First, I had a hard time believing that Violet (or any girl who's supposed to be as stubborn as she appeared at first) would give in to Kaspar so easily. It would have been easier to believe her falling for Fabian but the love triangle then became a bit tedious considering.

I should point out, though, that the book is marketed as a romance and doesn't pretend to be otherwise. My own personal taste would lean to more of the prophecy and the dark heroine myth and less of the Kaspar/Violet/Fabian drama. It also became a bit hard not to draw Twilight comparison once the romance came into play.

For more stops on the tour be sure to check out the official TLC tour page here.

For more on the author, you can visit her on Wattpad and like her on Facebook. There's also a group page for Dinner With a Vampire on Facebook.

Rating: 2/5


3 comments:

As the Crowe Flies and Reads said...

I was just shelving this book in the store yesterday and wondering who its audience was. Now I know!

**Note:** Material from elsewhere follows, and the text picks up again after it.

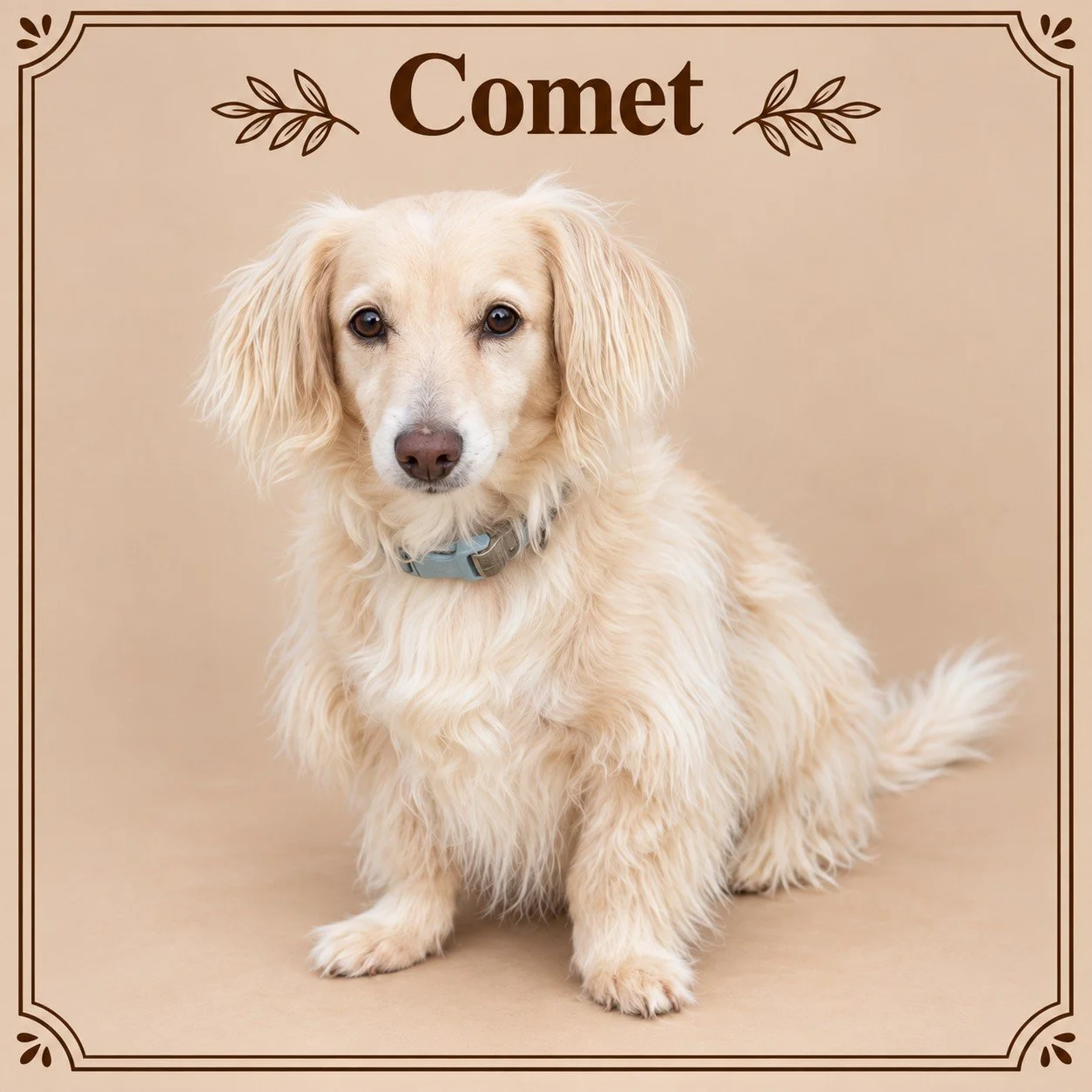 Comet.jpg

I'd like to see more discussion of the new NA category. I personally am not a fan of creating another reading category--I think there are lots of books out there featuring protags in their 20s. But most people I've talked about it with agree with me, so I'd like to see more of the opposing POV.

Becky LeJeune said...

So in this case the protag is 17 but the book is bit more steamy than a typical YA. I have sisters in this age group - the oldest younger sister will be 21 and the other two will be 19 - the older one definitely has complained about this gap in the market and I had a hard time finding things when I was a bookseller, too. I think I noticed the lack of older teen/younger 20s characters more in the other subgenres (paranormal especially).

Heather J @ TLC Book Tours said...

Darn, I'm sorry this book wasn't quite the right fit for you, but thanks for sharing your thoughts for the tour.